With markets so far out of whack right now things are different, but the approaches can be similar most of the gains are generally made through sweat equity or harvesting mature timber.
I could only afford to buy a rough fixer upper house that sat on 8 acres I intended as a flip house, at the time I was feeding 3 kids and 2 adults including myself and was tired of renting. It was a dump and needed a lot of work but I bought for $24k and is now worth $95k after investing $30k in materials for the remodel. 9 years after I moved in, the house was paid off and the 22 acres next door went up for sale so I bought it, but keep it separated from the house for tax purposes. I have planted roughly 1,300 trees, shrubs and berry bushes that cost me a couple thousand total, but that investment and sweat equity will more than double the value of the land by the time it passes to the next owner and that doesn't count general land price increases over time. Houses and property in general are not on the market long around me these days, most are sold before the sign goes in the front yard so it is a good time to own or sell, but a terrible time to buy.

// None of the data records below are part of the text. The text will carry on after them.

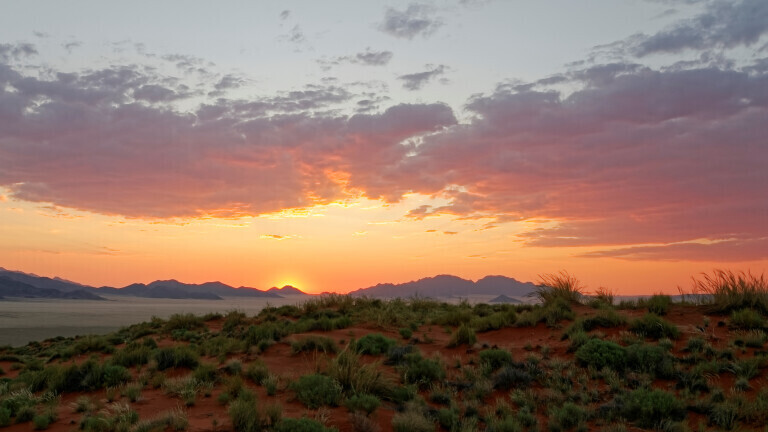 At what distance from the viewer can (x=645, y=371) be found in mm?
13148

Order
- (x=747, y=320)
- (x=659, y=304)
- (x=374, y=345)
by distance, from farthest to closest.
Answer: (x=659, y=304) < (x=374, y=345) < (x=747, y=320)

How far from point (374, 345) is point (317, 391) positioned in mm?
5066

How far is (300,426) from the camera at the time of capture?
925cm

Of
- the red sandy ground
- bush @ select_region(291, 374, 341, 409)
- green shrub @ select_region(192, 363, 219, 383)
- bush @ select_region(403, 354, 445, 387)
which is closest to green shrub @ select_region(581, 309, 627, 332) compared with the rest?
the red sandy ground

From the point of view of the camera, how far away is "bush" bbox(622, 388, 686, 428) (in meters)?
10.4

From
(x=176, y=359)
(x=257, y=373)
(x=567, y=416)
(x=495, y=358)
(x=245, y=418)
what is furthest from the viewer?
(x=176, y=359)

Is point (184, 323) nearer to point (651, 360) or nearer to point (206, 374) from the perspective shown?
point (206, 374)

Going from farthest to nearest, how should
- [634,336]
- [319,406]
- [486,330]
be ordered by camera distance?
[486,330], [634,336], [319,406]

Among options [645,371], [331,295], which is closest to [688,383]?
[645,371]

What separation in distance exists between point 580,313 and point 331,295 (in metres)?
13.5

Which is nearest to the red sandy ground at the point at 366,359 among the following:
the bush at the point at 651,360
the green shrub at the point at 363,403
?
the green shrub at the point at 363,403

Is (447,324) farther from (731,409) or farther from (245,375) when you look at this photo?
(731,409)

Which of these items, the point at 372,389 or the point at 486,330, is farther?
the point at 486,330

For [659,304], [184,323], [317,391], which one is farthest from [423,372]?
[184,323] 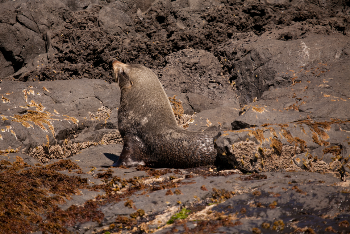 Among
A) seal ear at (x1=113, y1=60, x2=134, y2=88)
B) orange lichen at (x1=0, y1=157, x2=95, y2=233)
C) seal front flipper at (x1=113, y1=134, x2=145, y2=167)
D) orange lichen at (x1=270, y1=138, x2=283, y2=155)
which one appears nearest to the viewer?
orange lichen at (x1=0, y1=157, x2=95, y2=233)

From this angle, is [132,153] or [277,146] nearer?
[277,146]

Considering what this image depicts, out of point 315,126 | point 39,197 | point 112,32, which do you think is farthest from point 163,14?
point 39,197

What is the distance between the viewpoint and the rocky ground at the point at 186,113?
→ 3.01 m

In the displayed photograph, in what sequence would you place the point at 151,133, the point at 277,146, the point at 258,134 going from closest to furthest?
the point at 277,146 < the point at 258,134 < the point at 151,133

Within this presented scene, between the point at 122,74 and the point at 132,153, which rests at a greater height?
the point at 122,74

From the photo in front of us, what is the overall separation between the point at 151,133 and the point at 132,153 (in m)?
0.54

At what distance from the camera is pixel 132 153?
19.9ft

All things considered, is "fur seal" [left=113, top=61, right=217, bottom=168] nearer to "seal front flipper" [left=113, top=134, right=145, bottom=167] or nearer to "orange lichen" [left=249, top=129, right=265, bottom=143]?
"seal front flipper" [left=113, top=134, right=145, bottom=167]

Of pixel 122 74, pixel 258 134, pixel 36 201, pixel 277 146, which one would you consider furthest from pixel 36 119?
pixel 277 146

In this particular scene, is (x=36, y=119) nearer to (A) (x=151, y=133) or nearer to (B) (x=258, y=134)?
(A) (x=151, y=133)

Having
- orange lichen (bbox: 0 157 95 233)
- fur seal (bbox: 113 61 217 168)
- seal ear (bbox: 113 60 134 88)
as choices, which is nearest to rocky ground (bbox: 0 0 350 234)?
orange lichen (bbox: 0 157 95 233)

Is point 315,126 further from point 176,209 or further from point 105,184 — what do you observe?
point 105,184

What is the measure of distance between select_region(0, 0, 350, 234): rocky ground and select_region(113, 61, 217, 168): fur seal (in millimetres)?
395

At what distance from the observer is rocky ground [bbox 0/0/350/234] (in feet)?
9.88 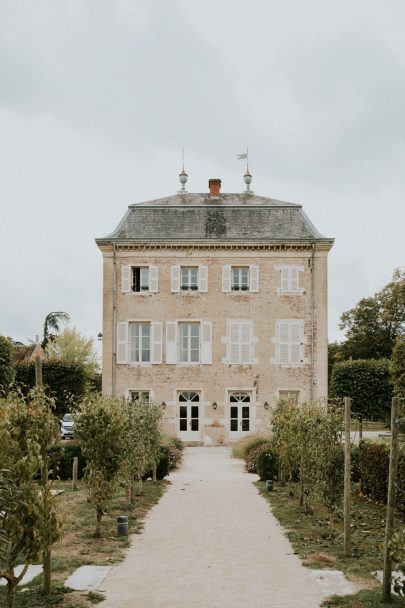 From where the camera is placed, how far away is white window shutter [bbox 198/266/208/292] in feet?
99.9

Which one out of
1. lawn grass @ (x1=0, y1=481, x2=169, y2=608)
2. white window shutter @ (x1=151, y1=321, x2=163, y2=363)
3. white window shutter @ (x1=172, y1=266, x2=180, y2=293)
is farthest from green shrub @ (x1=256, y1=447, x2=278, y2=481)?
white window shutter @ (x1=172, y1=266, x2=180, y2=293)

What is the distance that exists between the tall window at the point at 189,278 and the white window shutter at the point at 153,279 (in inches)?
43.7

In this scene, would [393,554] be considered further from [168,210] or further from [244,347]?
[168,210]

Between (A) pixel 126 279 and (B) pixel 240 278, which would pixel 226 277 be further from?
(A) pixel 126 279

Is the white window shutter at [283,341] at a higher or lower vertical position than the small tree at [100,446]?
higher

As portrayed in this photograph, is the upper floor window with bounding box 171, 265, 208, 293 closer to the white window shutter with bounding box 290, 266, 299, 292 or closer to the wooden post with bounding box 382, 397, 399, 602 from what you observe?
the white window shutter with bounding box 290, 266, 299, 292

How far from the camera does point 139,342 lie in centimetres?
3041

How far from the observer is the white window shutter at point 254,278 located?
99.9 ft

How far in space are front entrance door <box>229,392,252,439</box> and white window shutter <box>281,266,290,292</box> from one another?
4.89m

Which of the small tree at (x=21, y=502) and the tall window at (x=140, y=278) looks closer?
the small tree at (x=21, y=502)

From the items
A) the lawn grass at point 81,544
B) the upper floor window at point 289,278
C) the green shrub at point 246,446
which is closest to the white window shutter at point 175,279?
the upper floor window at point 289,278

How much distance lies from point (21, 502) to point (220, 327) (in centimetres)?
2481

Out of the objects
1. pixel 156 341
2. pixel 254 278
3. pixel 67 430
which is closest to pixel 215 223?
pixel 254 278

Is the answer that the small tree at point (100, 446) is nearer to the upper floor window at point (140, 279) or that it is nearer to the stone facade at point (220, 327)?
the stone facade at point (220, 327) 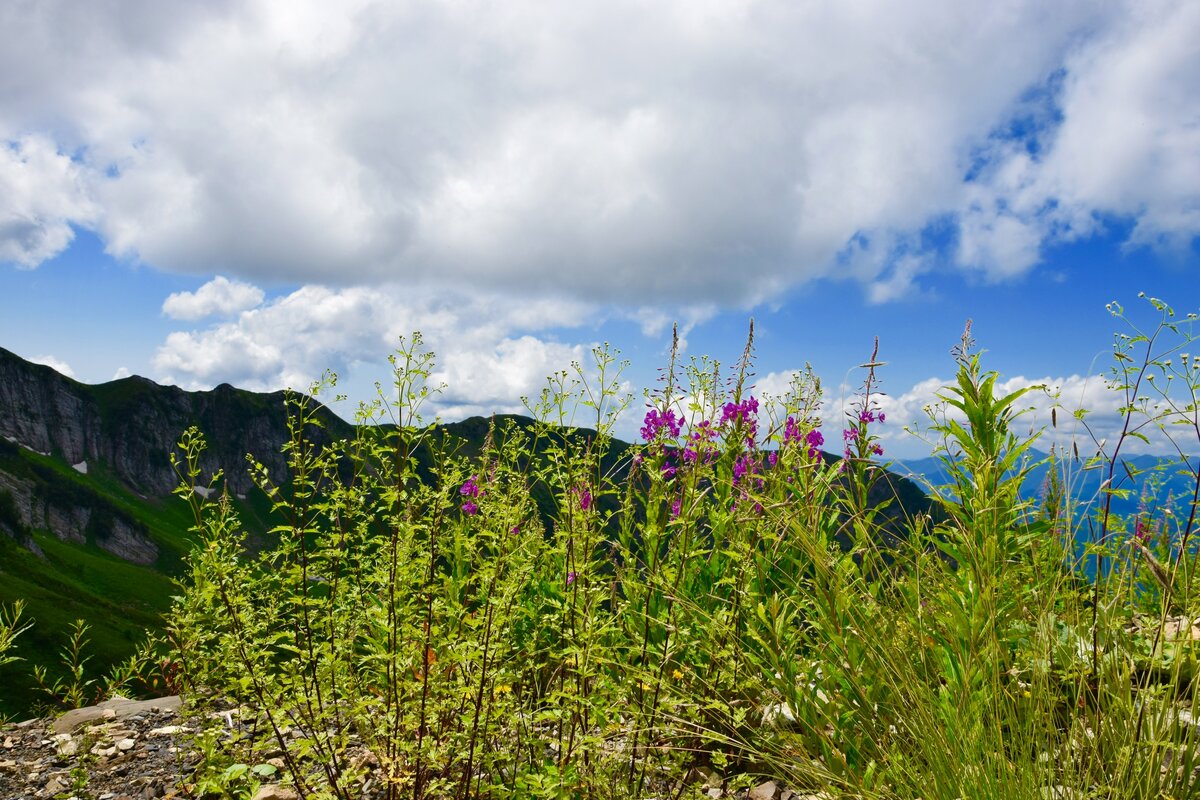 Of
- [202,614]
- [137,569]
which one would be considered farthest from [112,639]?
[202,614]

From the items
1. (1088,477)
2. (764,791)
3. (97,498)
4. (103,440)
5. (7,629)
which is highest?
(103,440)

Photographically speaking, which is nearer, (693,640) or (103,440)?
(693,640)

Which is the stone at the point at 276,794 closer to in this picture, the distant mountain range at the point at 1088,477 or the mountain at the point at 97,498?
the distant mountain range at the point at 1088,477

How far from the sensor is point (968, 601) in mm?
3469

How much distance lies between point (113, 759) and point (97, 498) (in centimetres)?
16052

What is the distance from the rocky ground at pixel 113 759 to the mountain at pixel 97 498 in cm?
3340

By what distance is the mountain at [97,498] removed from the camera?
7625 cm

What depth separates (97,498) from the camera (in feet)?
446

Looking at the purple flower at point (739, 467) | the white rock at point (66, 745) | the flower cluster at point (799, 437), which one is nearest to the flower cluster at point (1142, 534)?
the flower cluster at point (799, 437)

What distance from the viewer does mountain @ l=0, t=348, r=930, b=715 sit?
250 feet

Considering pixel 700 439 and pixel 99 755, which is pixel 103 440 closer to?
pixel 99 755

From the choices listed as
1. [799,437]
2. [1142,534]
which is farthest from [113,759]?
[1142,534]

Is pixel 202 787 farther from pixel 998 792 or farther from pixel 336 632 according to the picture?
pixel 998 792

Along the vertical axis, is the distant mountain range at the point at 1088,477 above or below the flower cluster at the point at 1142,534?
above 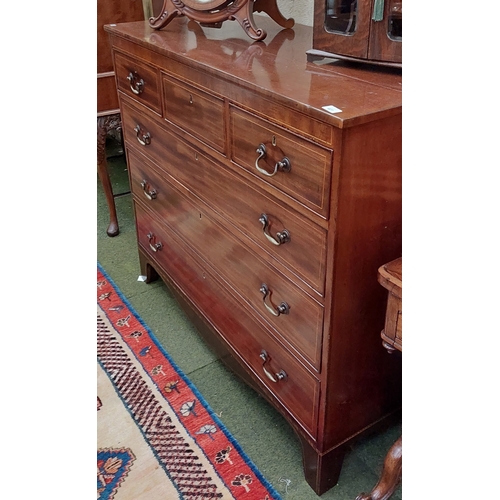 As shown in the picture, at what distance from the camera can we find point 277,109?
1026mm

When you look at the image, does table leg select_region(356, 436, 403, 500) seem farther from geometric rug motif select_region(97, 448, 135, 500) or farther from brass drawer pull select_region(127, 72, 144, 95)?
brass drawer pull select_region(127, 72, 144, 95)

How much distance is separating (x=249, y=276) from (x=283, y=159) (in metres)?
0.41

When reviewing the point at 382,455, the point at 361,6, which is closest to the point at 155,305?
the point at 382,455

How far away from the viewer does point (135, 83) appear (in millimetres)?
1643

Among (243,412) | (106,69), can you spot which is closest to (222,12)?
(106,69)

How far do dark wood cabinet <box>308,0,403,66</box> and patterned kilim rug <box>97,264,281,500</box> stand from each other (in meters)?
1.08

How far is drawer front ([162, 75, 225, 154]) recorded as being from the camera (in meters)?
1.26

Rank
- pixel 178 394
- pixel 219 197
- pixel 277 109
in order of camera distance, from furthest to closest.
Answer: pixel 178 394 → pixel 219 197 → pixel 277 109

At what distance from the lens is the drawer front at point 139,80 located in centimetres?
153

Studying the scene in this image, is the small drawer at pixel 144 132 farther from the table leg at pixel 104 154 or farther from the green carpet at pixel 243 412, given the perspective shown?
the green carpet at pixel 243 412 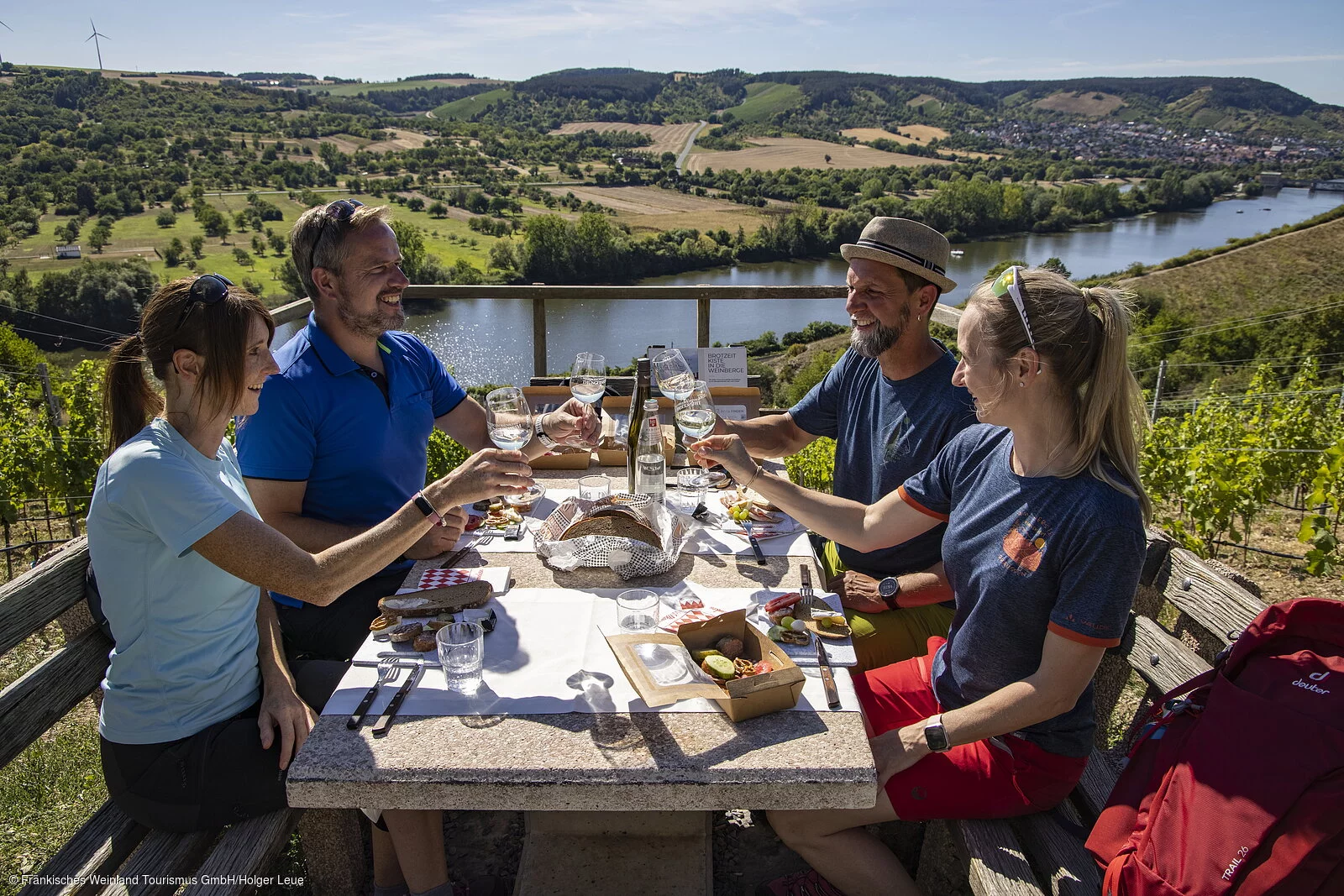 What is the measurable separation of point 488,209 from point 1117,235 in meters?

If one was a carpenter they could buy a dump of a house that sits on 100 acres, make modest remodeling changes with the house as well as landscaping improvements for curb appeal, then sell the house and keep the land for very little out of pocket cost in the end. Where I live, undeveloped land goes for $1,200-$1,500 per acre so that scenario plays better for me than someone that lives where land is $5,000 per acre.
 
Another issue with owning large chunks of land is getting to pay large chunks of money every year in taxes. I would think that's only going way up with our current "leaders".
 
Another issue with owning large chunks of land is getting to pay large chunks of money every year in taxes. I would think that's only going way up with our current "leaders".

That probably changes by location. Our area has several land use programs that you can enroll large tracts of qualifying land in that defer a large percentage of the tax burden.
 
Another thing to explore - dont be afraid to ask someone if they are willing to sell - even if there is no for sale sign. I have bought property six times. One time was there a for sale sign. I inquired with about selling some land in 1995 - he finally sold me some land in 2004. If a “for sale sign” goes up in my area, it means all the family members and all the locals have already declined to buy it. Word travels like wildfire. If a rancher even mentions to his buddy - I ought to sell that swamp down in the bottoms and cut my losses - he will be getting phone calls about it tomorrow. If there is a “for sale sign” on a piece of property in my area - probably something wrong with it.